Love it or hate it, Uber continues to hit the headlines. The revolutionary ride-hailing company has again lost its licence to operate in the Capital, but what impact will this have on the employment rights of its 45,000 drivers?
Alongside its battle with regulator Transport for London (TfL) to operate in the City, Uber is also at the centre of the leading case on employment status within the ‘gig’ economy.
Are individuals in these industries self-employed/contractors, and therefore entitled to no employment law relief? Or are they workers who should be afforded some level of protection? Or are they employees who should receive the full suite of employment rights?
In December 2018, the Court of Appeal ruled that Uber drivers are workers, and therefore entitled to certain rights including 5.6 weeks’ paid annual leave each year (pro-rata), a maximum 48-hour average working week, rest breaks, the national minimum wage (and the national living wage) and the protection of whistleblowing legislation.
It seemed a victory for the drivers at the time, but Uber was quick to launch an appeal to the Supreme Court, arguing its drivers are self-employed contractors. A hearing date is yet to be given.
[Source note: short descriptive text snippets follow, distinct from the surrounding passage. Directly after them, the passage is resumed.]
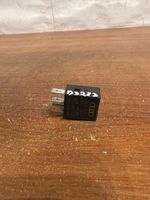 Volkswagen Tiguan Hazard warning light relay 4H0951253C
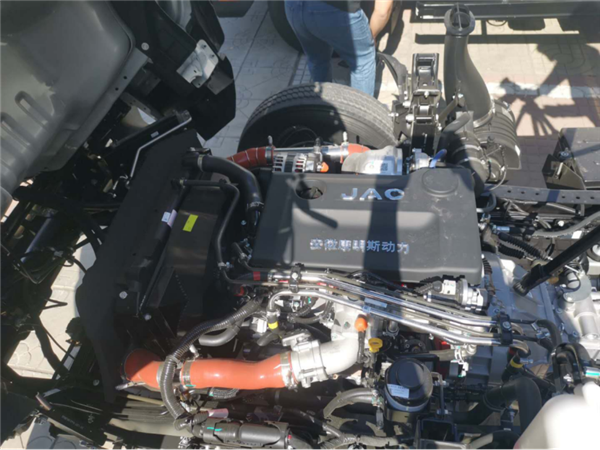 1603529178600.png 发动机只换不修?这款新上市的帅铃宽体安康160轻卡为何如此自信?1024749.png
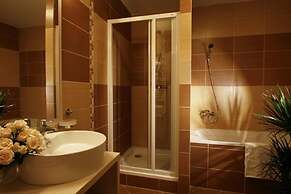 Hotel Crocus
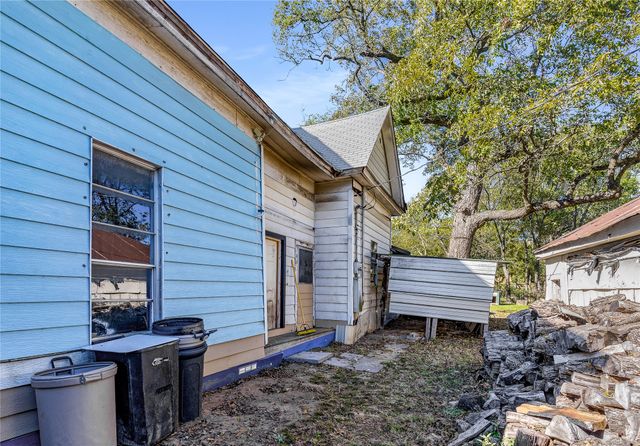 713 E College Street, Terrell, TX 75160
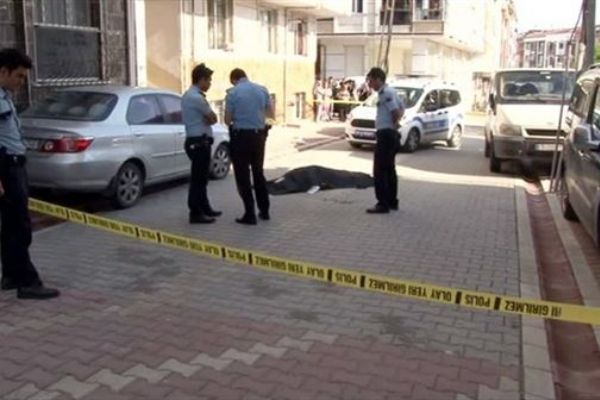 Esenyurt'ta silahlı saldırı: 2 kişi öldü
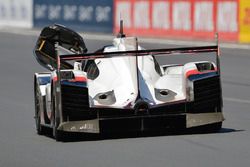#2 Porsche Team Porsche 919 Hybrid: Timo Bernhard, Earl Bamber, Brendon Hartley después de ganar.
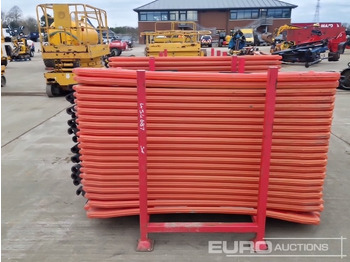 Construction equipment Stillage of Plastic Pedestrian Fencing (3 of): picture 2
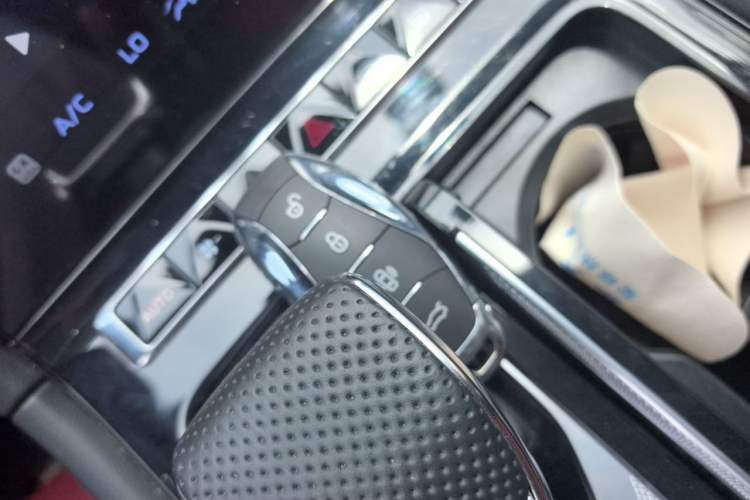 Used Hongqi H6 2025 2.0T ZhiMei Edition Vehicle Key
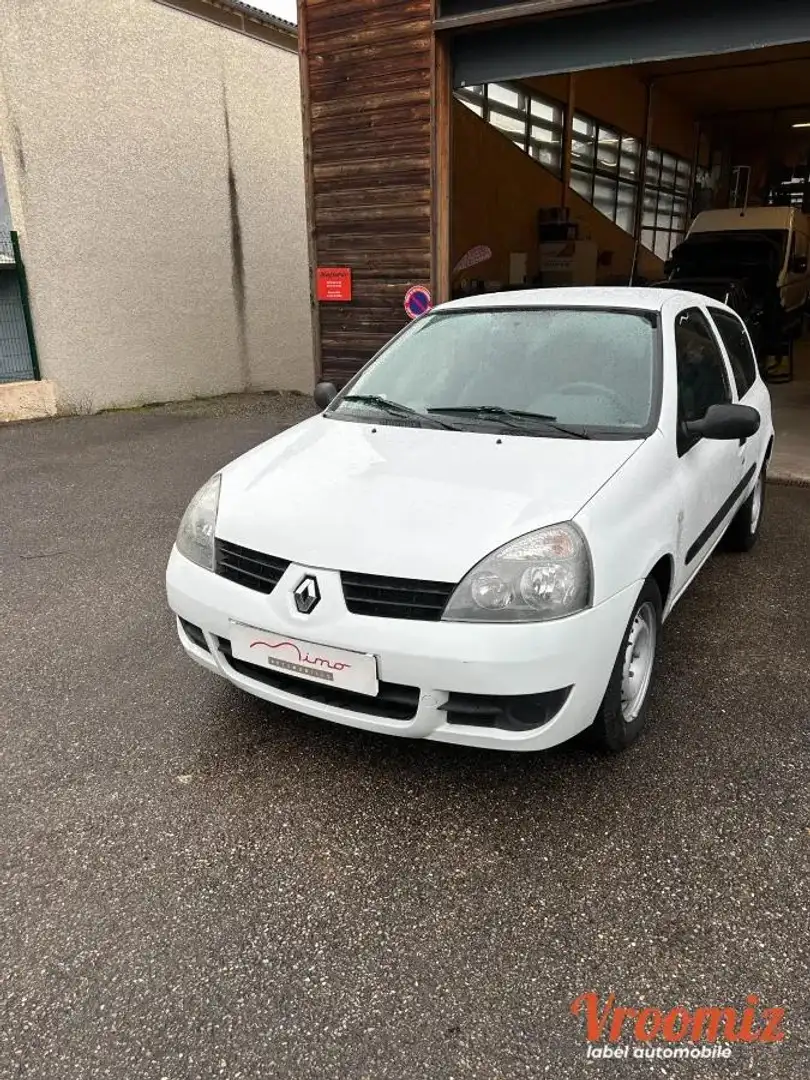 Renault Clio 1.5 dci 65 pack clim 2 places STE avec seulement 47500 km !!!! - 2
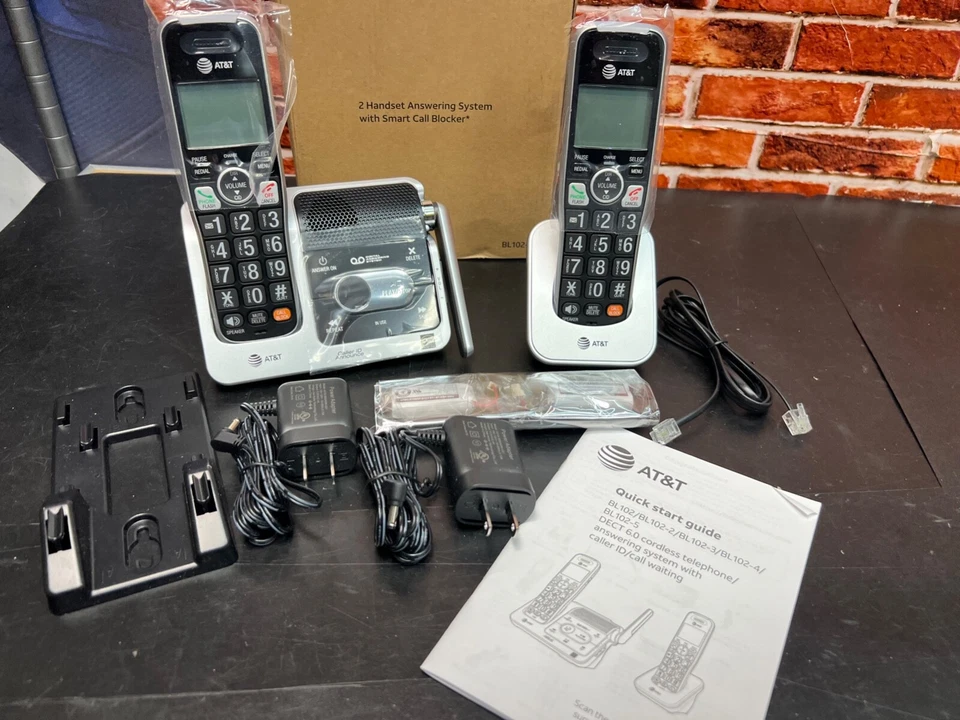 AT&T BL102-2 Cordless Phone Answering Machine Call Block 2 Handsets DECT 6.0 - Image 2 of 4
Crucially however, as workers – which the Uber drivers shall remain pending the app’s appeal – the drivers have no rights to claim unfair dismissal, statutory redundancy pay, or statutory notice pay.
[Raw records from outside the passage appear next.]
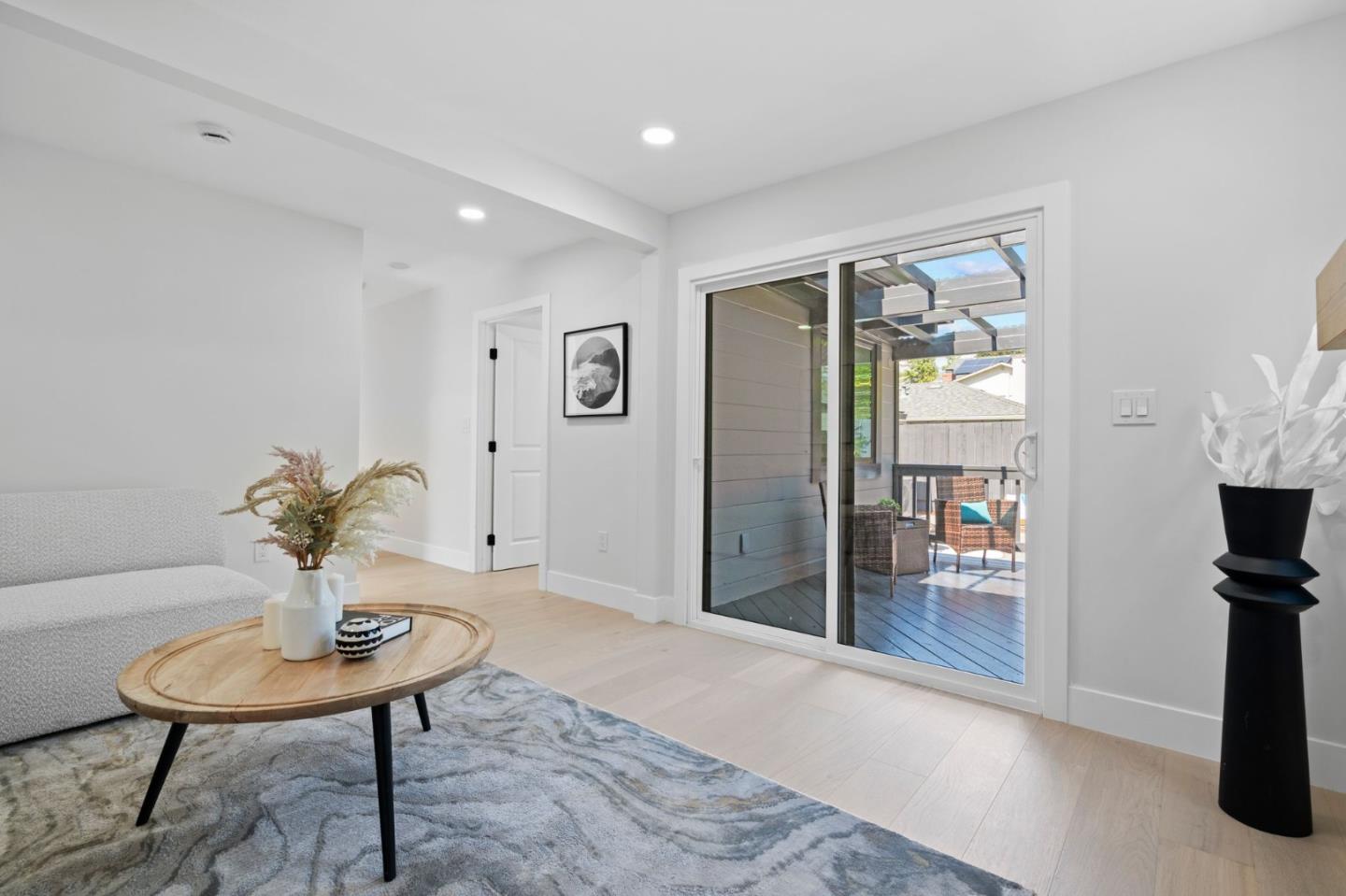 727 Crompton RD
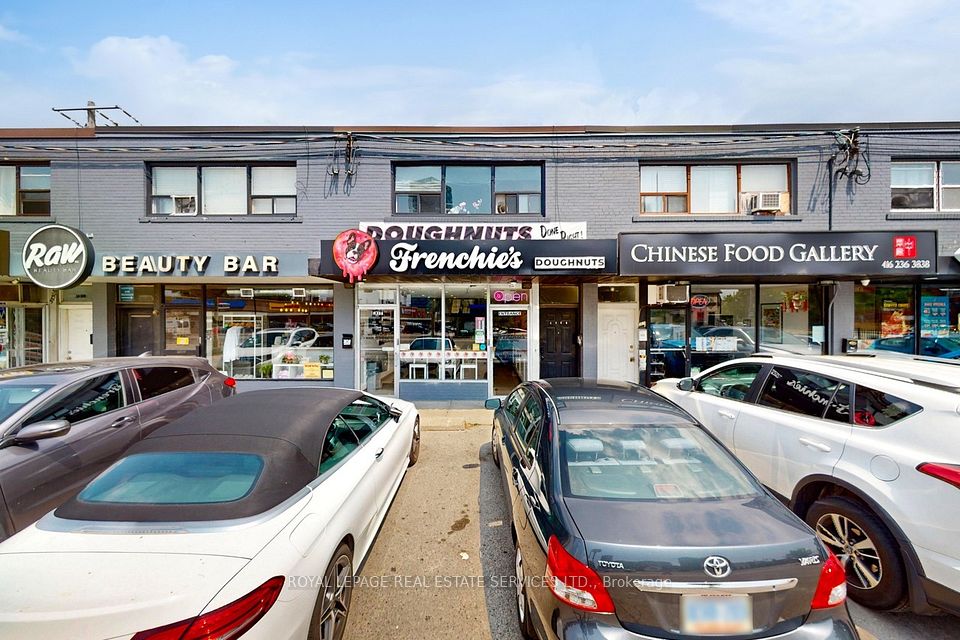 3830 Bloor Street W, Toronto W08, ON M9B 1K8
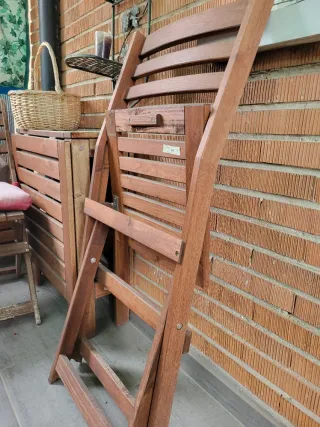 Conjunto mesa y sillas de madera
Thus, it is only now, following TfL’s decision not to renew Uber’s licence, that the full impact of the employment status case can be appreciated.
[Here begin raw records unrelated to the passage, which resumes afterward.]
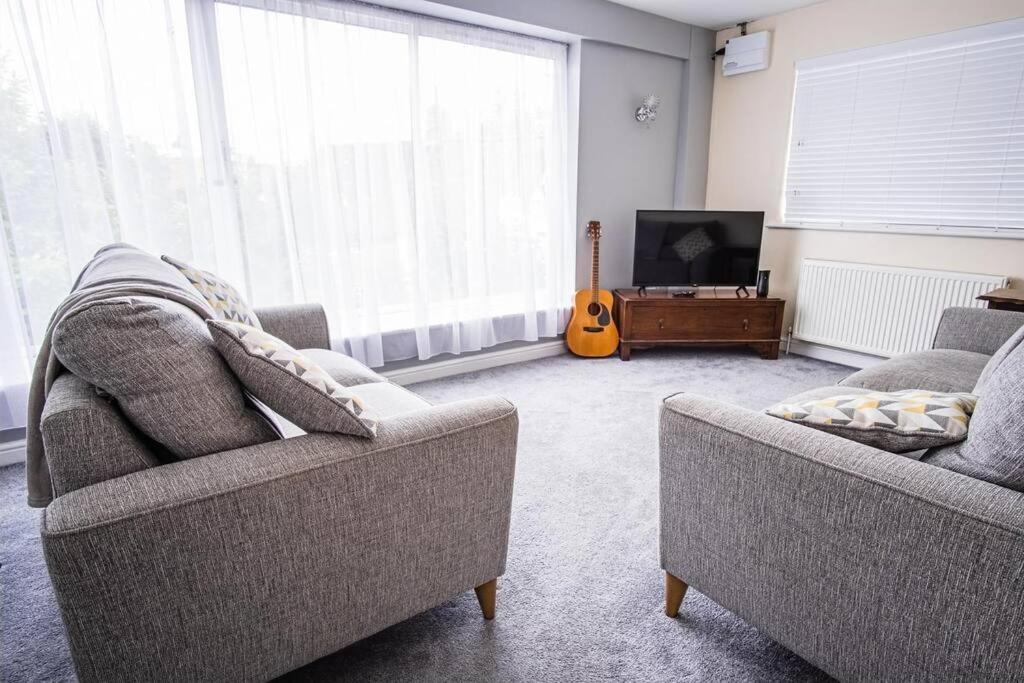 Tallets Apartment With Balcony & Parking Tewkesbury Ngoại thất bức ảnh
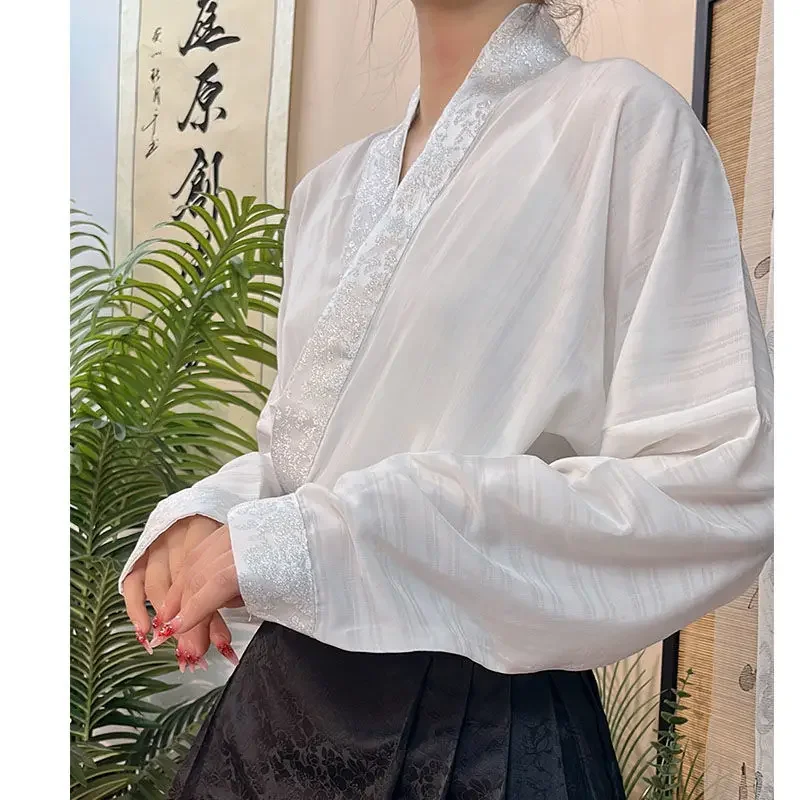 Autumn Traditional Chinese Black White Cross Collar Gold Woven Aircraft Sleeve Hanfu Shirt Women\'s Song Dynasty Cospaly Top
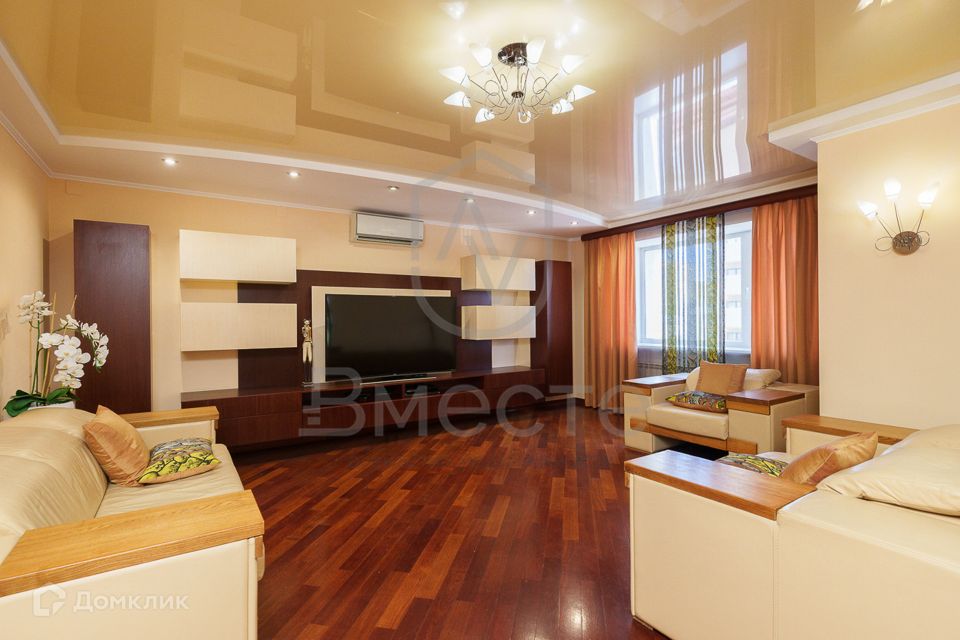Продаётся 5-комнатная квартира, 211.2 м²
Without a licence to operate, Uber’s huge pool of drivers will lose their jobs with Uber not even be obliged to consult on redundancy.
The case highlights the vulnerability of those working in the gig economy, even if granted worker status. Is the trade-off between flexibility and freedom on the one hand and job security on the other, worth it?
In an effort to clarify and improve the legal position of gig economy workers, the government published its Good Work Report following the Taylor Review into modern working practices. It made a number of recommendations to improve the rights of such workers, but as yet, the proposals have yet to be adopted.
Uber has announced it will appeal the TfL decision. London is its biggest European market with 3.5m customers, while its shares tumbled 6% off the back of the news.
TfL found that Uber had failed to address a number of issues placing passenger safety at risk, and that the company was ‘not fit and proper at this time’. In particular, it raised concerns over the app’s change to systems that allowed unauthorised drivers to upload their photos to other drivers’ accounts.
The appeal means the company and its drivers will continue to operate in the meantime, and it moves the battle away from the (arguably) politically-driven TfL process, to the impartiality of the courts.
Ironically, the TfL appeal now supersedes the Supreme Court appeal in terms of importance to London Uber drivers: their employment status is suddenly irrelevant in the face of no job at all. But for the wider gig economy, the decision of the Supreme Court is eagerly awaited.
This article is for reference purposes only. It does not constitute legal advice and should not be relied upon as such. Specific legal advice about your specific circumstances should always be sought separately before taking or deciding not to take any action.